## Required action:
Output the data below only from the line containing "Tommy Jeans Men's" up to and including the line containing "Clear iPhone 17", exact and with the pictures left out.

## Supplied information:
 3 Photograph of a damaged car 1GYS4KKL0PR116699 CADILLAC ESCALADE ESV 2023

==

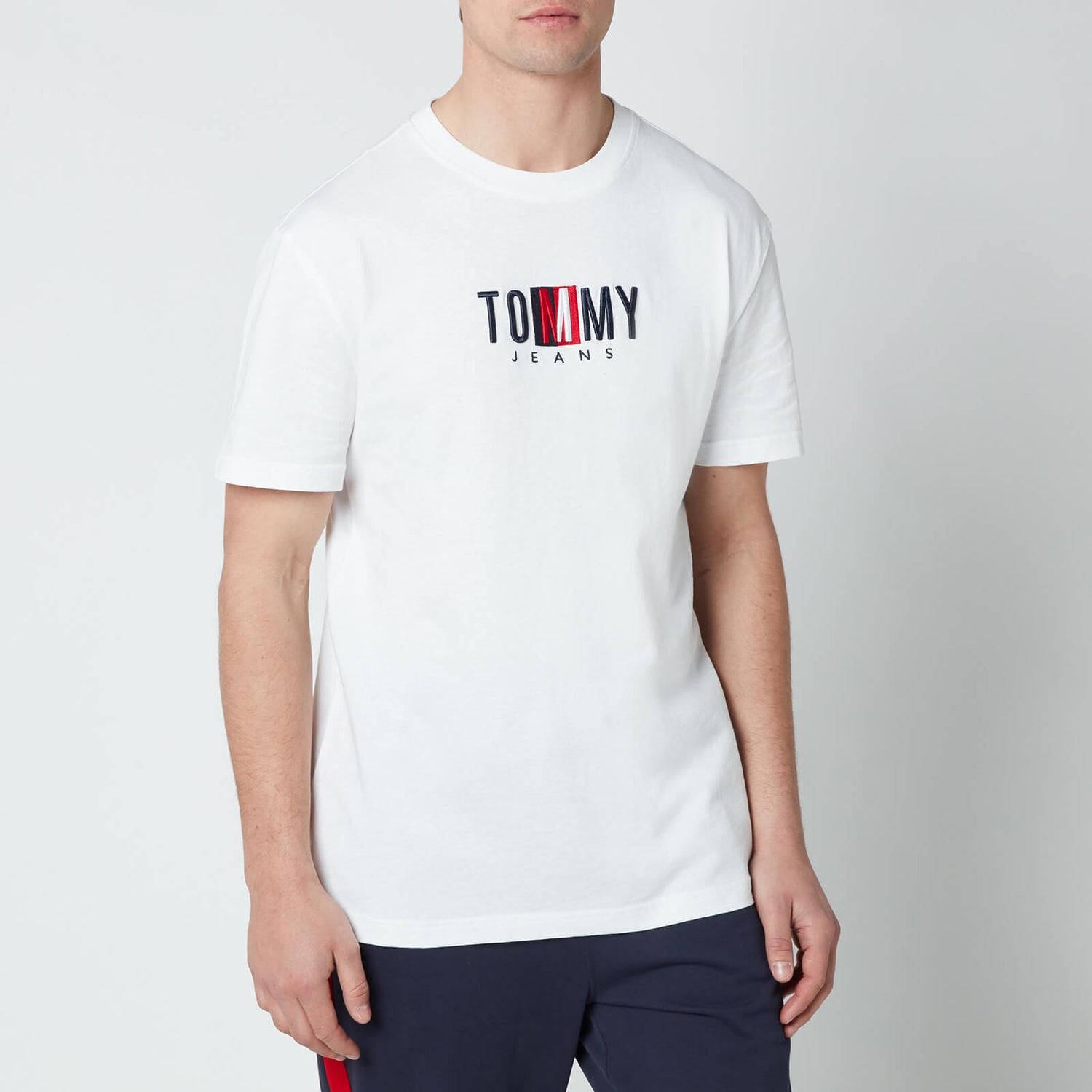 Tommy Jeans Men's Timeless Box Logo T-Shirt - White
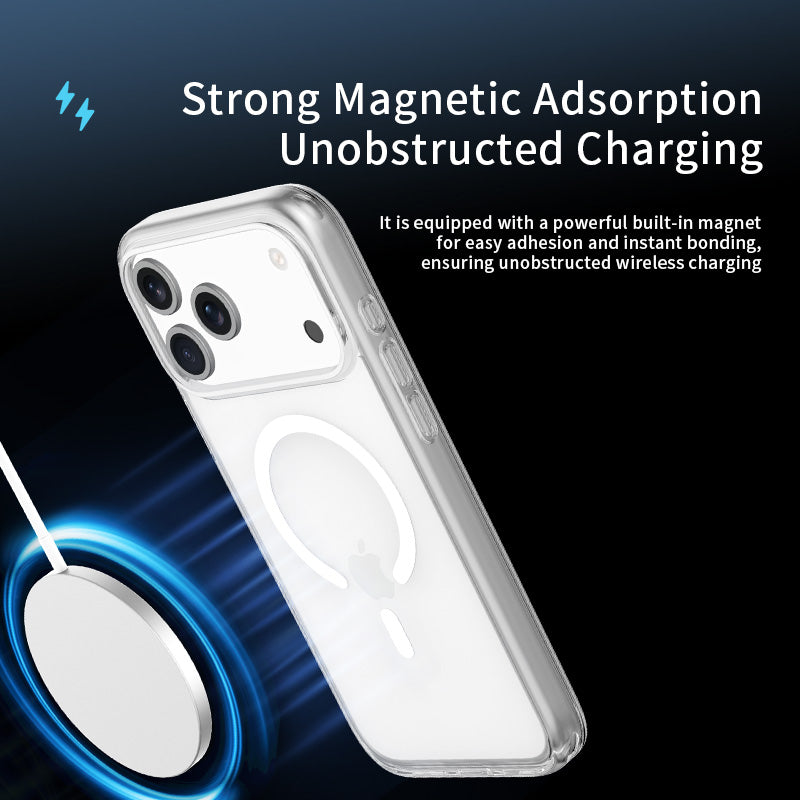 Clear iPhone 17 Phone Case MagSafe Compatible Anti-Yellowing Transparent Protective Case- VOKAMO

* * *

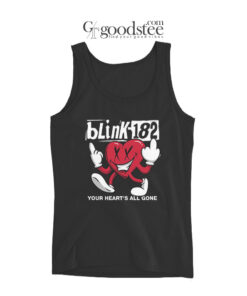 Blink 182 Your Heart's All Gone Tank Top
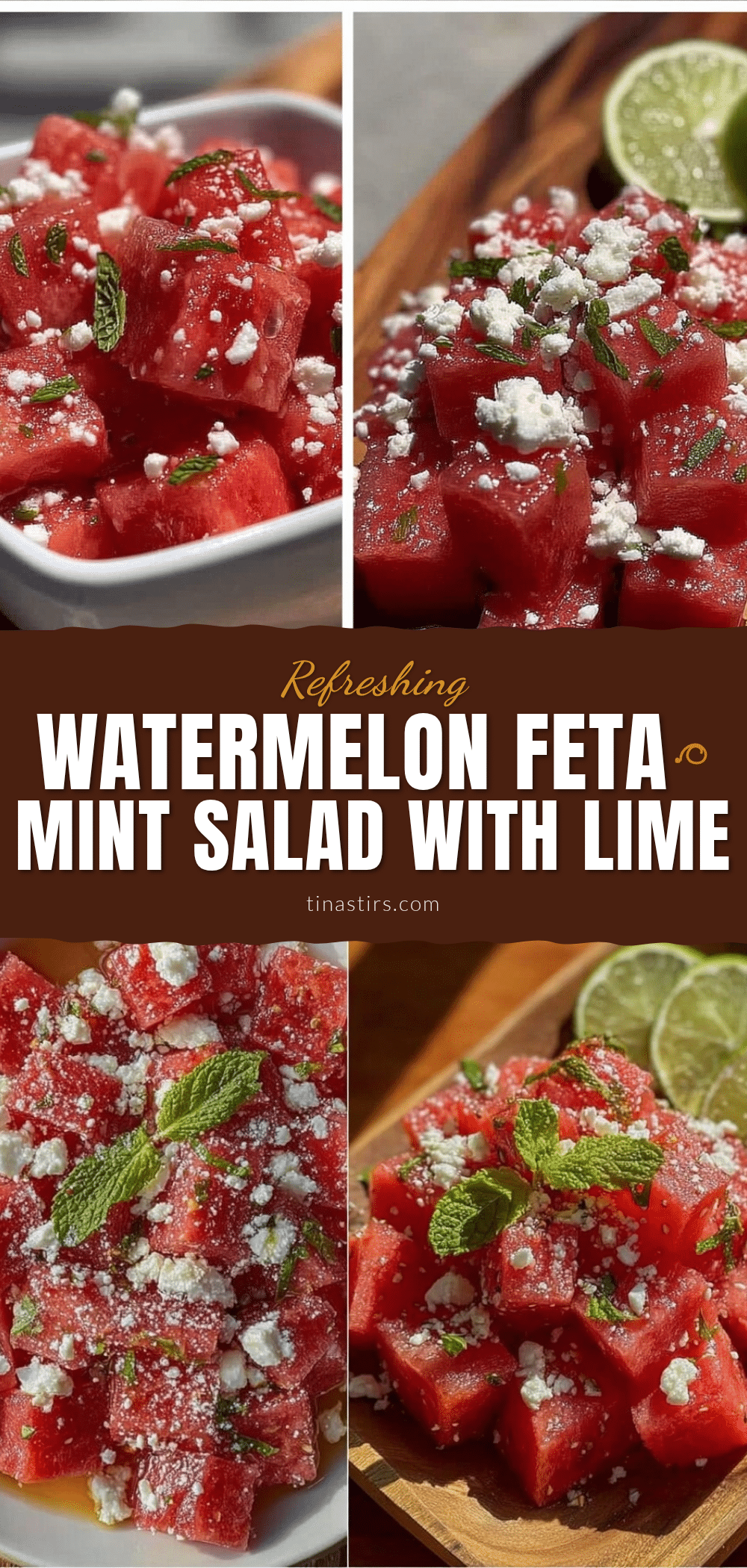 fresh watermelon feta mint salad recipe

## Solved problem:
 Tommy Jeans Men's Timeless Box Logo T-Shirt - White
 Clear iPhone 17 Phone Case MagSafe Compatible Anti-Yellowing Transparent Protective Case- VOKAMO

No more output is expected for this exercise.